- Film poster
- Directed by: Sarah Jacobson
- Written by: Sarah Jacobson
- Starring: Kristin Calabrese
- Cinematography: Sarah Jacobson
- Edited by: Sarah Jacobson
- Music by: Heavens to Betsy
- Distributed by: Station Wagon Productions
- Release date: October 1993; (Chicago International Film Festival)
- Running time: 25 minutes
- Country: United States
- Language: English
- Budget: $1,600 (estimated)

= I Was a Teenage Serial Killer =

I Was a Teenage Serial Killer is an underground no budget film written and directed by independent filmmaker Sarah Jacobson.

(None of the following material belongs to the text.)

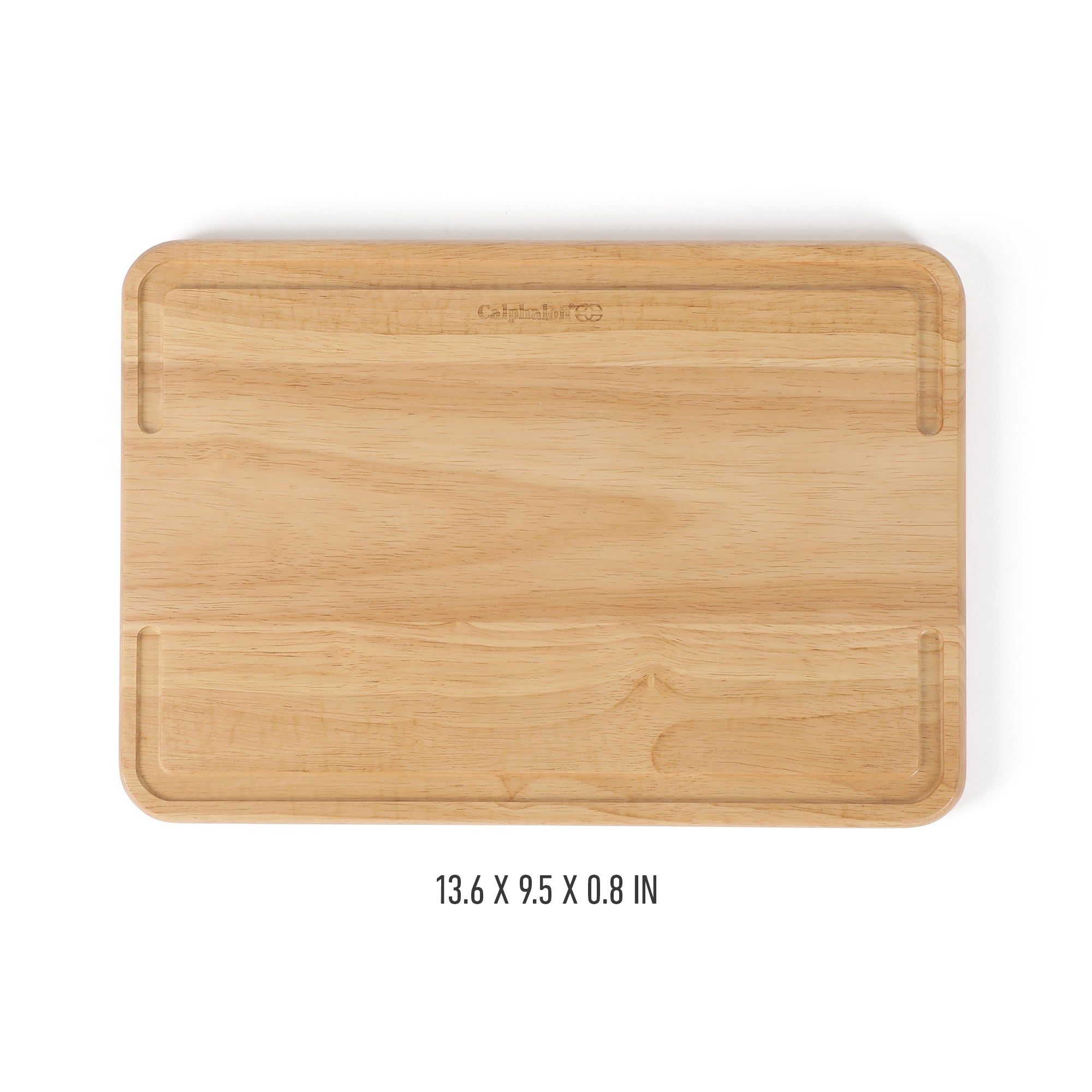 Calphalon Edge Guard Rubberwood Cutting Board - Image 4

It is a short black-and-white film of a 19-year-old girl who is sick of sexist men and kills them. It was Jacobson's first major film and it was released through her own company, Station Wagon Productions. She made the film under the guidance of her teacher, George Kuchar. The film features songs by the early riot grrrl band Heavens to Betsy.

Ed Halter, writing in the Village Voice, considered it "a key film of that decade's angrily subversive underground cinema."

== Plot ==
The film opens with footage of a woman, Mary (Kristin Calabrese), caressing a blood-soaked corpse (Phil Calabrese) in a junkyard while a radio announcer (Chris Stoehr) talks about a man being a victim of homicide. Voice over reveals that Mary shot the man after he came on to her. The woman then drives to meet with her brother (Bob Hendershot) who begins heavily drinking and lecturing her on her dating habits, suggesting that she find a man to have children with. Suddenly, he starts violently coughing, and dies. It's then revealed that Mary has laced his drink with mouse poison. After leaving, Mary meets a man (Zach Kadish) who quickly takes her home to have sex. However, he attempts to remove his condom mid-coitus, causing her to fly into a rage and strangle him to death.

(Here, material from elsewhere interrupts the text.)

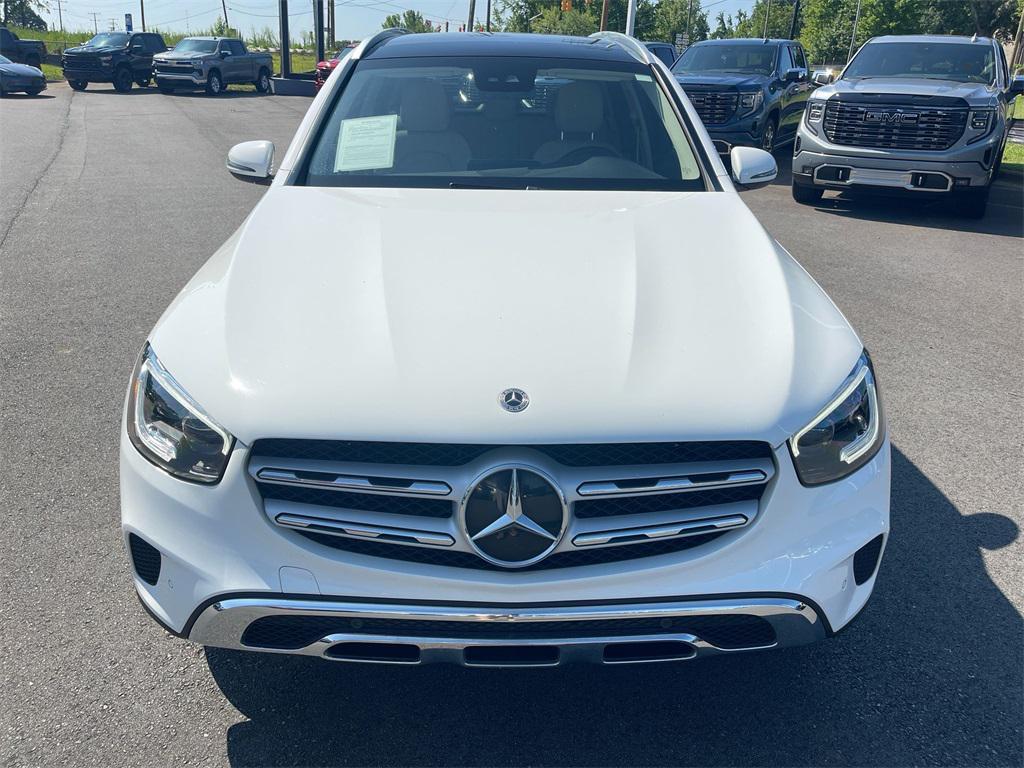 used 2022 Mercedes-Benz GLC 300 car, priced at $31,975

In an alleyway, Mary sees a man (Alan Pierson) with his partner (Kathie Smith) spray-paint a heart on the wall. After the man begins catcalling Mary, she pushes him into the road and he is run over. While walking away from the scene, Mary hears a man screaming. Following the screams, Mary finds a fellow serial killer, Henry (Gorey), murdering a man (Steven Nereo), and assists him. Henry explains that he only kills straight men as a way of getting back at a patriarchal society. Together, he and Mary go on a killing spree together. However, after Henry brings home a woman (Dianne McGeachy) to kill, Mary instead kills him and releases the girl.

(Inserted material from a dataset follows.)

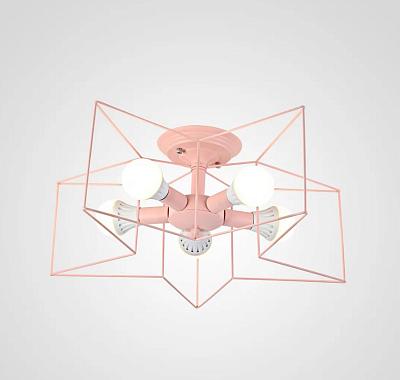 Потолочная люстра Asteri Pink Chandelux CHDL-11867
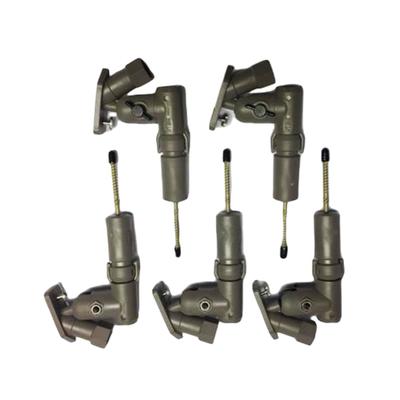 SpyHigh Mounting System Trail Camera Mount & Tree Attachment Set Tan Pack of 5 SHCMP5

Mary meets a homeless man (Scott Garver). She confesses to him that she's killed 19 men, and opens up about her father sexually abusing her as a child. When the man suggests that the abuse may have been her fault due to her physical attractiveness, she holds a broken bottle to his throat and rants about the men in her life who have never taken her story seriously. In the end, she decides not to kill him, deciding that she can express more power by telling her story regardless of how ignorant men may attempt to invalidate her or keep her quiet.

== Cast ==
Please note that some members of the cast are listed as mononyms.

- Kristin Calabrese as Mary, The Teenage Serial Killer
- Phil Calabrese as First Victim / Guy Tied to the Refrigerator
- Steven Nereo as First Victim's Voice / Henry's Boy Victim
- Chris Stoeher as Radio Announcer
- Bob Hendershot as Brother
- James Brown as Brother's Voice
- Zach Kadish as Sex Partner
- Sarah Rothstein as Little Girl with Chalk
- Kathie Smith as Girl in Love
- Alan Pierson as Boy with Spray Pain
- Ed as Guy on the Street
- Gorey as Henry, The Serial Killer Boyfriend
- Dianne McGeachy as Henry's Girl Victim
- Scott Garvey as Street Bum
- Jeff Stein as Asshole Drug Dealer

== Release ==
A Blu-ray and DVD compilation featuring Jacobson's 1996 film Mary Jane's Not a Virgin Anymore and several of her short films and music videos was released by the American Genre Film Archive on September 17, 2019.